After posting a clocking of 1:05.52 in the preliminaries of the shuttle hurdle relay at the Drake Relays on Saturday morning, the Ankeny Centennial girls’ squad advanced to the final with the fastest qualifying time.
“We were really happy with how prelims went and were kind of excited to see what would happen in the finals,” said leadoff runner Katie Petersen.
Maybe the Jaguars were too excited.
Centennial ran to an apparent fourth-place finish in the finals before being disqualified for an illegal exchange. One of the Jaguars’ hurdlers left too early.
“Our finals run wasn’t as clean as the prelims, but we were clocked at 1:04.89, which would have been a new school record,” said Centennial coach Andrew Kruzich. “But we left early on the last exchange, and that’s a call that two officials have to agree on to have it count against us. So it must be a good call.”
The shuttle hurdle final was an all-CIML affair. Ames won the race in a time of 1:03.75 after the anchor runners for both Waukee and Dowling Catholic stumbled over the last hurdle.
“We were really pleased with how well we ran in rough conditions in the prelims,” Kruzich said. “We dropped almost a second off of our season’s best. It was great to have the number one qualifying time to the finals, but we knew the other three teams had run faster than that time coming into the meet. So we had our hands full.”

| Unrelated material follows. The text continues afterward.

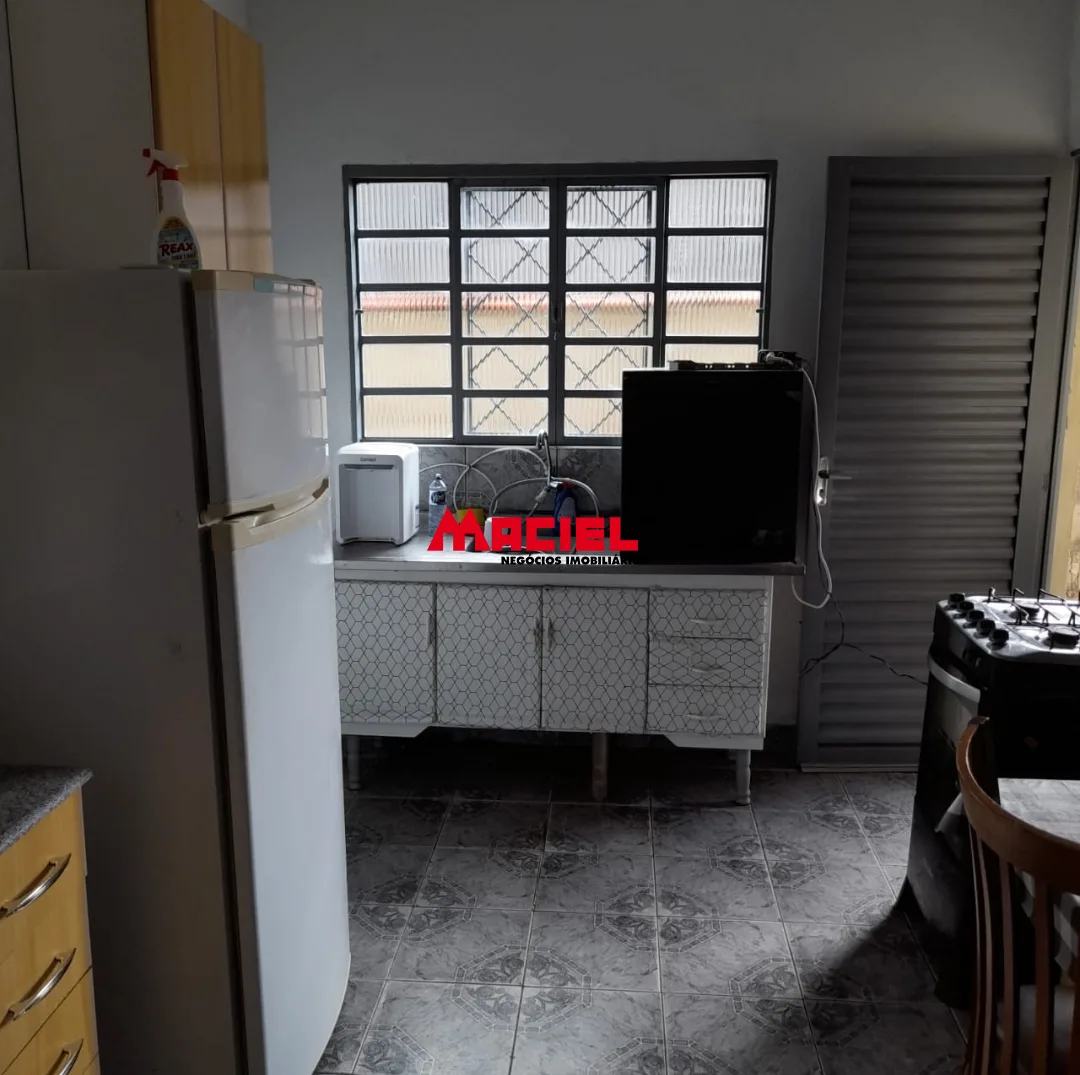 Comprar Casa / Padr&atilde;o em S&atilde;o Jos&eacute; dos Campos R$ 395.000,00 - Foto 12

The Centennial team consisted of Petersen, Sophie Lampe, Kayla Eilander and Meg Ridout. The Jaguars thought they had clinched a Drake Relays medal by reaching the final, but the disqualification meant that the fourth-place medals were not distributed.
“The shuttle hurdle is the only relay at Drake that doesn’t medal out to six spots, which we lived last year when we got fifth,” Kruzich said. “This year, because we got DQ’d, we lost our medals for making the finals. It stinks because clearly we were one of the top four teams to run the hurdles today, and it’s almost like you’re punished with having to do it again in the finals, but those are the rules–and we know them. The shuttle is a great event for us, but there are 44 things that can go wrong in that relay–10 hurdles each and four false starts.
“We just have to be cleaner,” he added.
Still, Kruzich liked the way that the Jaguars responded to the adversity.
“The positives are that we know how fast we can be, and I was also proud of how our girls took the news,” he said. “They were supportive of each other and didn’t point fingers. Those are two good signs for us going forward.”
Eilander has helped the Jaguars overcome the absence of standout hurdler Calea Jones. Jones, who anchored the team’s relay a year ago, has missed most of the season due to an injury.
“It’s been good with Kayla,” said Petersen, who put the Jaguars ahead with a strong opening leg in Saturday’s final. “She’s really stepped up.”
There’s a chance that Jones could return to action by the end of the season. She is also one of the state’s top high jumpers.
“She’s been getting healthier, so I guess we’ll see if she can come back,” Petersen said.
The Jaguars also competed in the 4×100 relay on Saturday. The foursome of Hannah Wilson, Lampe, Ridout and Petersen placed 20th overall in a season-best time of 50.78 seconds.